▶ Exercise goal
What is needed is an exact copy of the listing, with no pictures in it.

▶ Collected data
================================

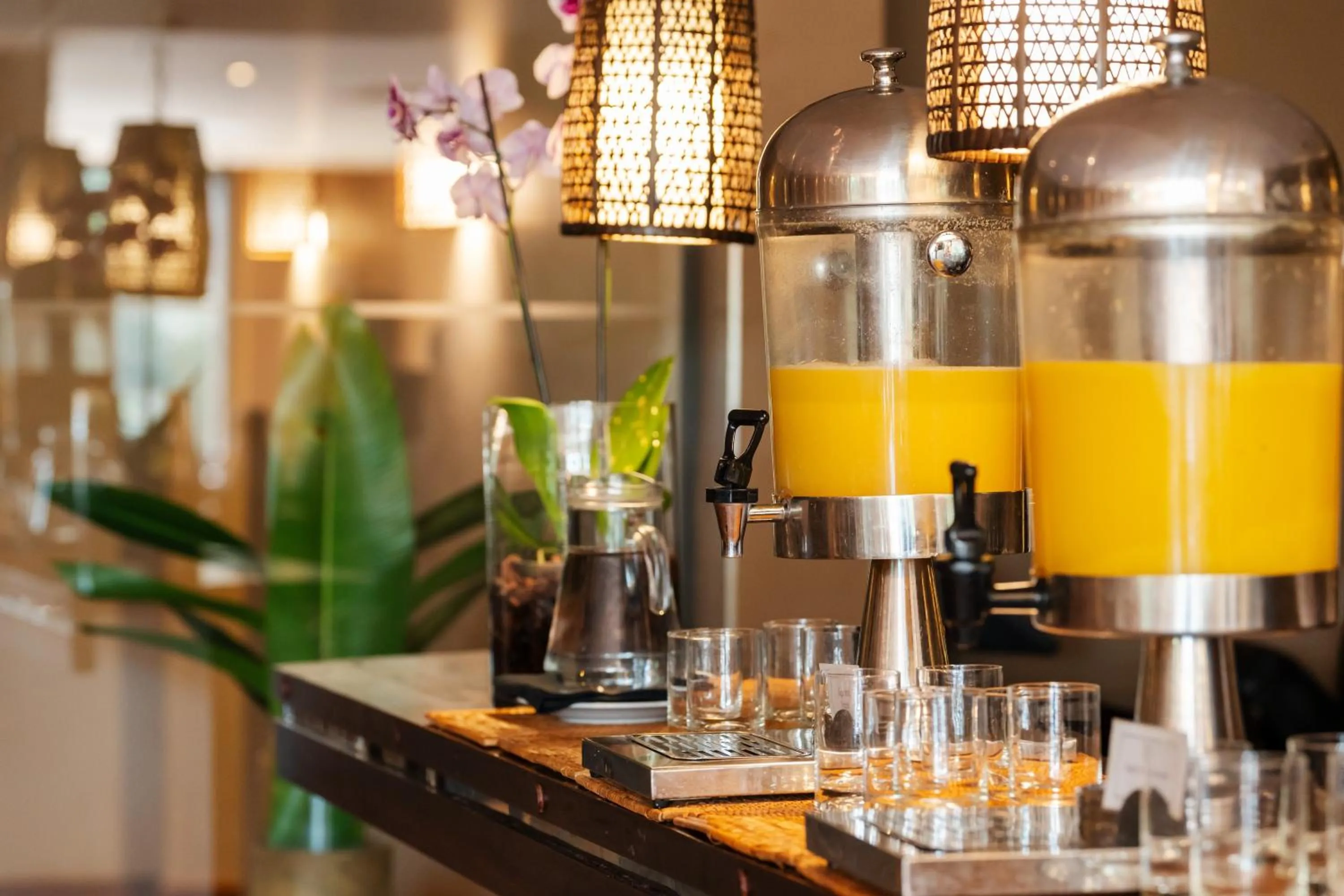 Buffet breakfast in Loi Suites Iguazu Hotel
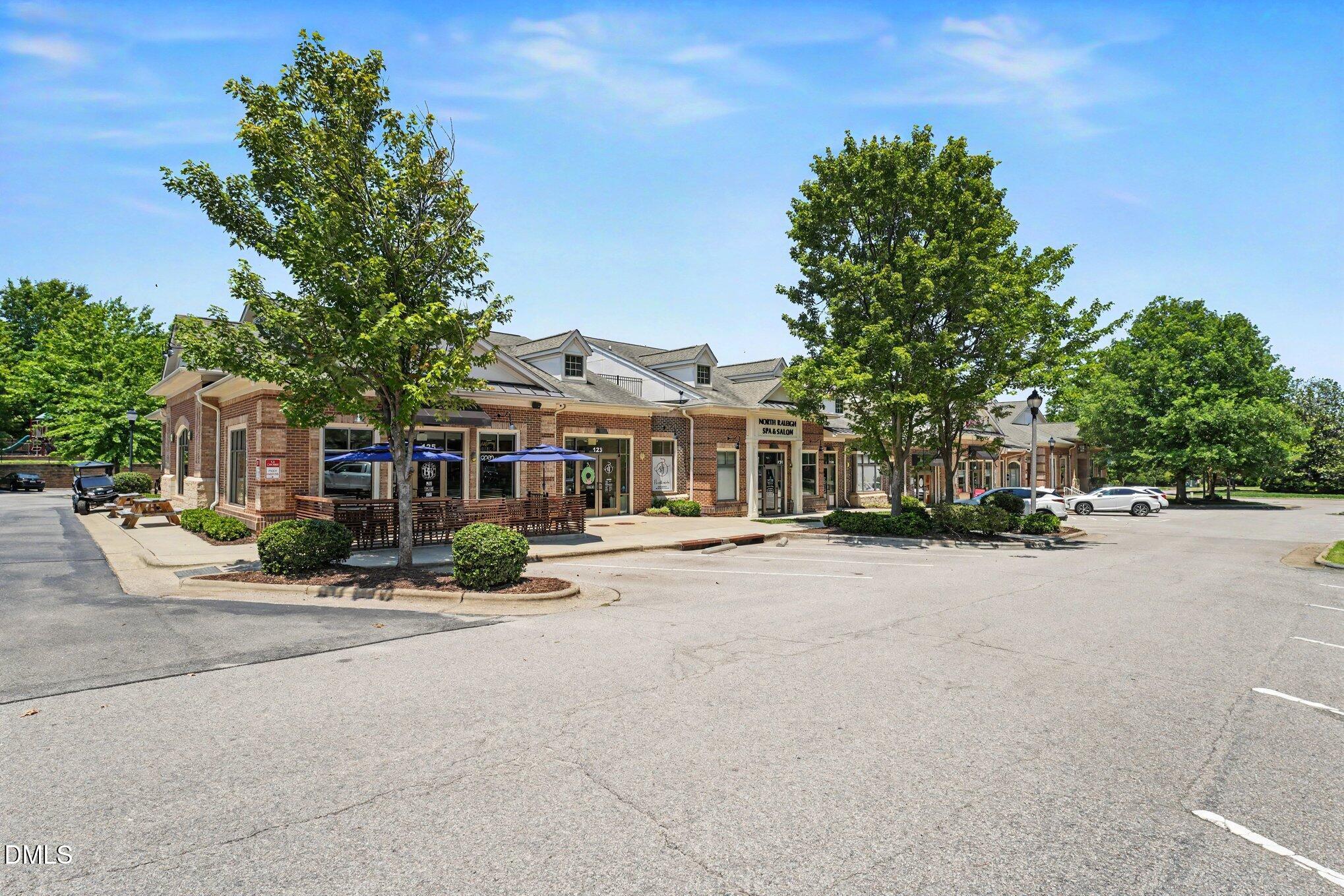 3005 Grandview Heights Lane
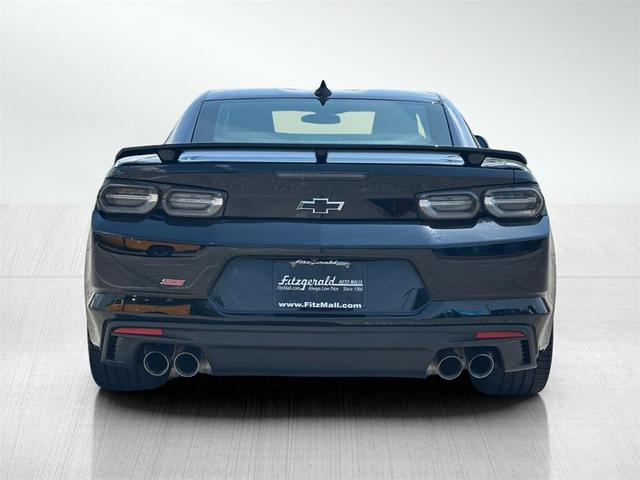 Photo of 2020 Black Chevrolet Camaro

================================

▶ Response to the exercise
 Buffet breakfast in Loi Suites Iguazu Hotel
 3005 Grandview Heights Lane
 Photo of 2020 Black Chevrolet Camaro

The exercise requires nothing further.